PROBLEM REQUIREMENTS - With no words added or dropped, transcribe the listing that follows.
[DATASET RECORDS Boundary: Start]
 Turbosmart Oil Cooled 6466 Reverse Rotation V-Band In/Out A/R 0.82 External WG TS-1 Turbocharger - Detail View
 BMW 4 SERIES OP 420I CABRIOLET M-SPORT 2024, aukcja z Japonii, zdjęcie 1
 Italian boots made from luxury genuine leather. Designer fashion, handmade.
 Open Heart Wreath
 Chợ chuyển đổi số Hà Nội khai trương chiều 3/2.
[DATASET RECORDS Boundary: End]
ANSWER BELOW -
 Turbosmart Oil Cooled 6466 Reverse Rotation V-Band In/Out A/R 0.82 External WG TS-1 Turbocharger - Detail View
 BMW 4 SERIES OP 420I CABRIOLET M-SPORT 2024, aukcja z Japonii, zdjęcie 1
 Italian boots made from luxury genuine leather. Designer fashion, handmade.
 Open Heart Wreath
 Chợ chuyển đổi số Hà Nội khai trương chiều 3/2.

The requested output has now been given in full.